日中、讀書。丸谷才一さんの『笹まくら』(新潮文庫)を讀み終はらしました。が、どうも一氣には讀めない作品でした。その理由の一つが、過去と現在とが、「一行アキなどが設けられることなく」、いつのまにか行き來してゐるところですが、それは作者の考へといふか著作の意圖がにじみ出てゐるところのやうです。

以下、川本三郎さんの解説を引用しながら復習します。まづ、この『笹まくら』は、「現代文学のなかでも、きわめて特異な、そして孤高の栄光を持った作品である。・・この小説が異色なのは、何よりも、主人公が第二次世界大戦における徴兵忌避者に設定されていることだ。国家からの逃亡者である」。

もうこれだけでスリリングですが、それを英雄扱ひすることなく描いてゐるところに、ぼくは共感といふか、他人事ではない切實感を覺えたのでありました。

「杉浦健次(主人公の變名)は、日本中を旅する」。その逃亡生活が細部にわたつて書かれてあるのが、魅力的で面白いのですが、しかし、「『笹まくら』は、実は、浜田庄吉(逃亡者の本名)の戦後の生活が半分を占めてい」て、このはうが、實は讀むのに辛かつたです。

「せっかく徴兵忌避に成功し、平和な時代に帰還したのに、彼の心は弾まない」。自分の居場所がないんです。「大学での(職員の)仕事も息苦しい。他人の生活を覗きこむような人間ばかりが集まった職場は、まるで〈もうひとつの軍隊〉のように思えてくる」。

そして、〈もうひとつの軍隊〉のやうな生活を、これまた細部を描くことによつて、「戦前と戦後はどこかでつながっている。連続している。戦前的なるものが戦後の日常に見え隠れしている」。過去と現在とを、「一行アキなどが設けられることなく」、描いたのは、實はこの事を言はんがためだつたのだと腑に落ちるのであります。

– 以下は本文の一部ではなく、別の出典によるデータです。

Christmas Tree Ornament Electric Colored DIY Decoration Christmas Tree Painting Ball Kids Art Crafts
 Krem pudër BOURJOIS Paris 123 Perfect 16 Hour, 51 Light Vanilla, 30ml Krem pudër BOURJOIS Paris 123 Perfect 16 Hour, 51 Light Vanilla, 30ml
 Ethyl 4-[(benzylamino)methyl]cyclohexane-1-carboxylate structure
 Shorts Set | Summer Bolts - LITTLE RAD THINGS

丸谷さんは、ご自身、子どもの頃から「軍人嫌ひ」だったと書いてゐますが、昭和二十年三月、十九歳のときに招集を受け、山形の連隊に入營してゐます。どうにか八月十五日をむかへたとき、敗戰の放送はとても聞こえにくかつたやうですが、丸谷さんは、その内容を上官に問はれて答へたところ、そんなはづはないと、その場で死ぬほど毆られ蹴られたさうです。丸谷さんの軍人嫌ひは決して的はづれでも偏見でもなかつたのです。

川本三郎さんが、「そういう軍隊嫌いの青年が、国家権力の前でどうしようもなく兵隊に取られていく、そのときの絶望はどれほどだったろう」、と書いてゐるやうな、そのやうな靑年たちが今後現れるやうな時代になつていくのだらうか。自民、公明、維新の腦みそが輕くて腹黑いやからが、理不盡な權力横行をたくらんでゐるのを、ぼくたちはどうしたら阻むことができるのだらう。

 

今日の寫眞・・丸谷才一さんの『笹まくら』(新潮文庫)と『コロンブスの卵』(ちくま文庫)。後者には、「徴兵忌避者としての夏目漱石」 が掲載されてゐます。これは題からして刺激的ですね。これから讀んでみます。